Level	Meaning	Test Types	Business Impact
P0	Critical - validates container responsibilities	Responsibility tests, Flow tests	Container trust depends on these
P1	High - critical business logic	Business logic integration, Critical path	Core functionality coverage
P2	Normal - error scenarios	Error handling, Edge cases	Graceful failure handling
P3	Low - can be omitted	Unit tests, Infrastructure	Often redundant with P0/P1

P0 Tests - Black Box Guarantee

P0 tests are special:

•They validate the container fulfills its assigned responsibilities
•They test complete flows from input to output
•When P0 tests pass, external testers can TRUST the container works
•P0 failures are CRITICAL - container may not be fulfilling its purpose

Unit Tests at Container Level

Important: Unit tests (P3) can be OMITTED at container level if:

•The same logic is covered by P0 responsibility tests
•The same logic is covered by P0 flow tests
•The same logic is covered by P1 integration tests

Mark as [SKIP] with reference to the covering integration test.

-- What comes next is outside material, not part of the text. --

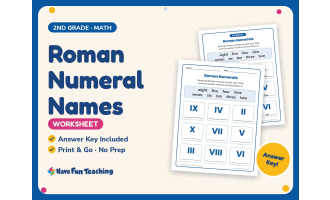 Roman Numeral Names Worksheet – 2nd Grade Roman Numerals Practice
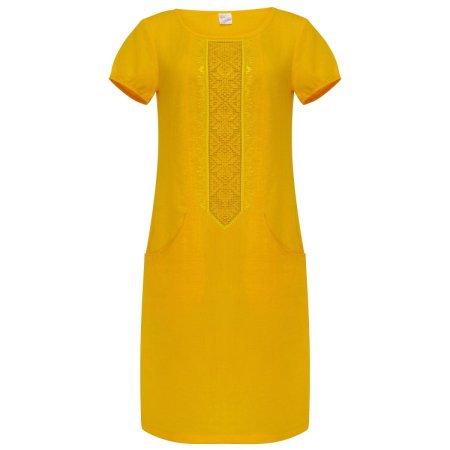Платье вышиванка Колос - Милана К (желтая) 42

Test Implementation Patterns

P0: Responsibility Test Pattern (HIGHEST PRIORITY)

code

// Generic pattern - adapt to language
// Tests that the container fulfills a specific responsibility

// Responsibility: "Process incoming orders and produce shipping labels"

// Setup - configure container with mocked external dependencies
container = TestContainer()
container.mock_database(InMemoryDatabase())
container.mock_external_api(MockShippingProvider())
container.wire_components()

// Input - data enters the container
input = create_valid_order(items=[...], address={...})

// Execute - exercise the COMPLETE flow through the container
result = container.process_order(input)

// Verify - the RESPONSIBILITY is fulfilled
assert result.shipping_label is not None
assert result.status == "ready_for_shipment"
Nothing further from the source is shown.